'I love William Nicholson’s work. His still-lifes are incomparable.'
Gertrude Jekyll, 1920, by Sir William Nicholson (1872–1949), 30in by 30½in, National Portrait Gallery, London
Penelope Lively says:
This portrait, for me, is a happy combination of two artists I much admire. I love William Nicholson’s work. His still-lifes are incomparable. He was a prolific portrait painter and here there is a personal element: he was a friend of my grandmother’s and painted five of her six children. His portrait of my aunt Diana as a wonderfully feisty young woman was the centrepiece of the Royal Academy’s Nicholson exhibition in 2004. And, like all gardeners, I am indebted to Gertrude Jekyll for her garden artistry, which still influences the way in which we garden. She looks rather like Queen Victoria here and those unrelaxed hands suggest that she is wishing this painter fellow would be done and she could get back to the garden.
Dame Penelope Lively is a Booker Prize-winning novelist and writer. Her forthcoming collection
of short stories, The Purple Swamp Hen, will be published in November.
John McEwen comments on Gertrude Jekyll:
In February 1921, Emily Lutyens wrote to her husband Sir Edwin ‘Ned’ Lutyens (1869–1944), architect and frequent collaborator with the gardener Gertrude ‘Bumps’ Jekyll (1843–1932): ‘I have not seen Nicholson’s picture yet—but the photograph in Country Life is marvellous—and gives Bumps exactly!’ Lutyens had commissioned the portrait. He bequeathed it to the National Portrait Gallery (NPG).
Nicholson wrote to Miss Jekyll’s sister-in-law: ‘It was a great event for me to meet Gertrude Jekyll… It wasn’t an easy job… she thought herself unpaintable—she said she needed to rest, and there was one chair in front of the fire where she always rested. However I managed to overcome… all these little difficulties, and painted her while she rested.
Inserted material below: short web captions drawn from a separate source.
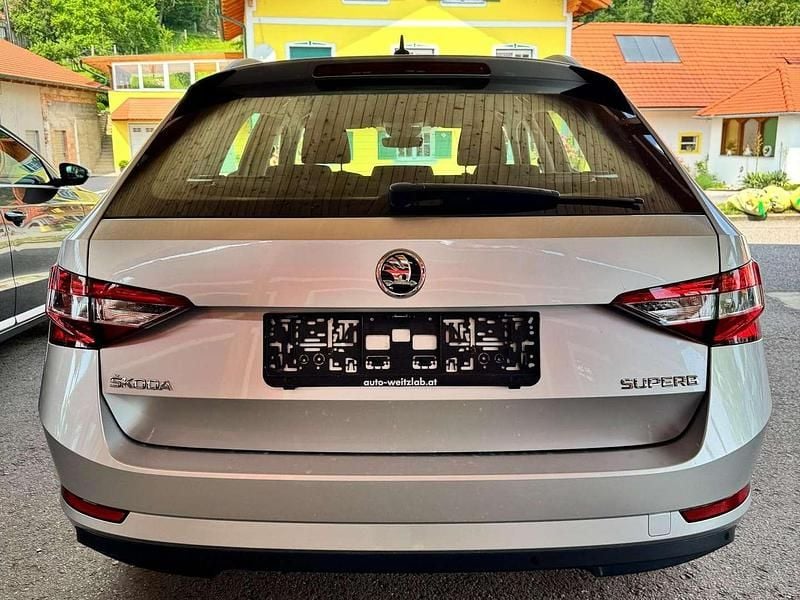 Gebraucht Skoda Superb Ambition 120 PS (88 kW) 2019 Silber Kombi
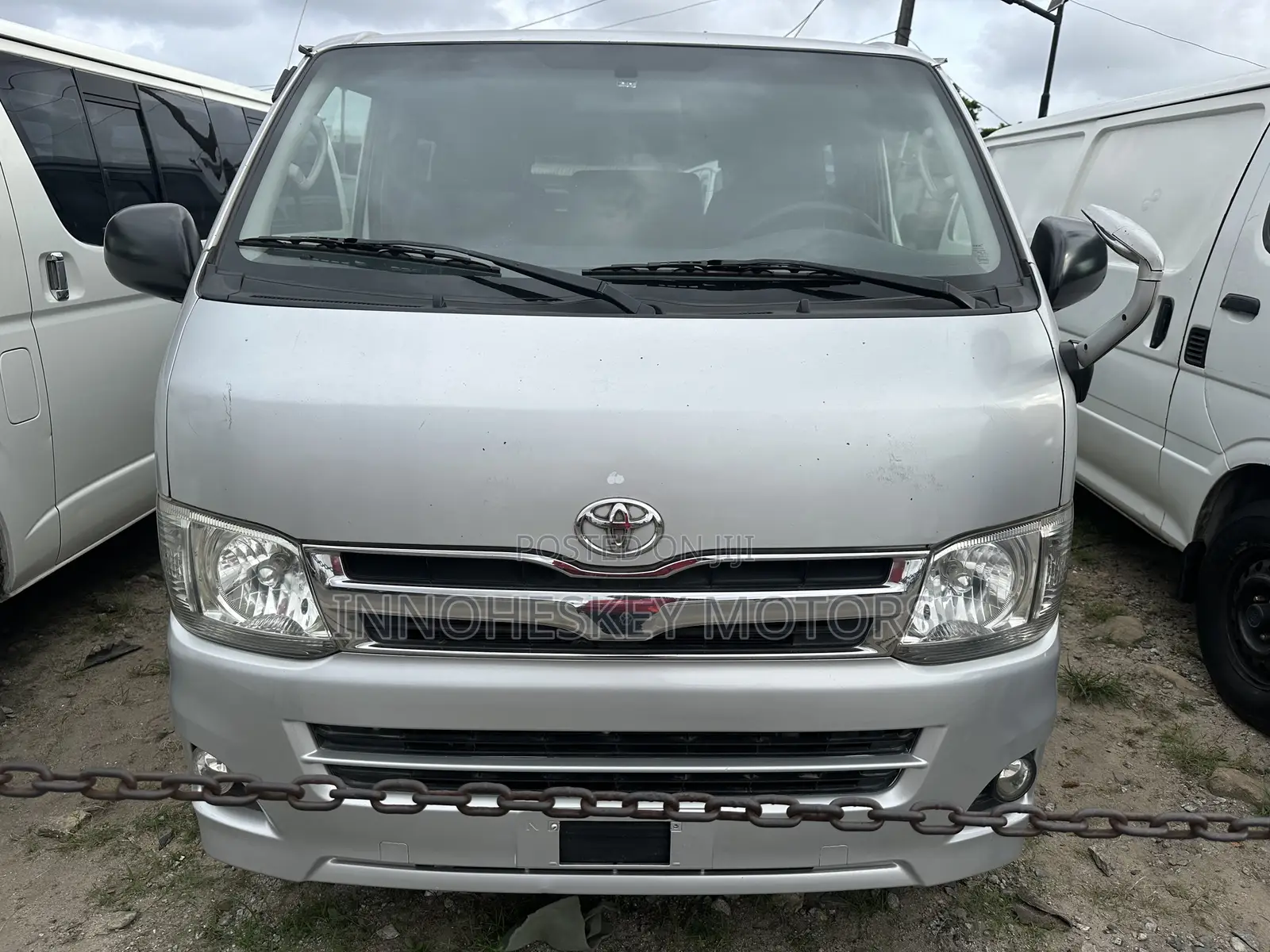 Toyota HiAce 2010 Silver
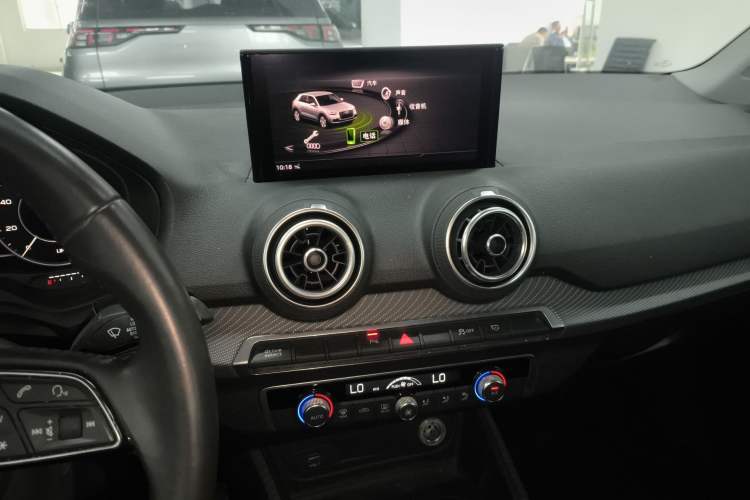 Used Audi Q2L e-tron 2019 Q2L e-tron Pure Electric Smart Enjoyment Model Audio And AC Panel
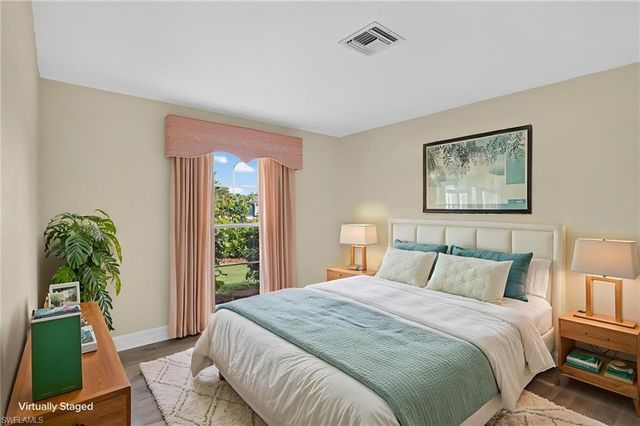450 Huntington DR, Naples, FL 34109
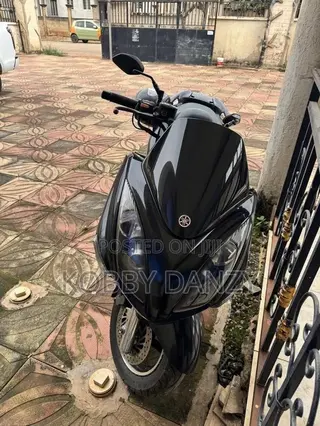 Yamaha Majesty 2012 Black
I didn’t entirely waste the daylight, as I painted her Army boots and gave the result to N. [‘Ned’ Lutyens]… I feel grateful to Providence for the chance she gave me of recording so loveable a character. I am so glad if you think I have put a little of her serene charm into my painting.’
It is easy to imagine Nicholson and Jekyll enjoying each other’s company. She had trained as an artist and both were aesthetic simplifiers. As Margaret Richardson wrote in the 1982 Lutyens exhibition catalogue: ‘Under Miss Jekyll’s puritanical gaze, he [Lutyens] was restrained and learnt to simplify.’ His inscription for her gravestone at Busbridge Church, Godalming, Surrey, was exemplary: ‘Artist, Gardener, Craftswoman.’ She also wrote 13 books. Both she and Lutyens were pillars of Country Life.
Emily Lutyens gave the popular boots picture to the Tate, where it is currently in storage. It should surely be hung at the NPG next to Jekyll’s portrait.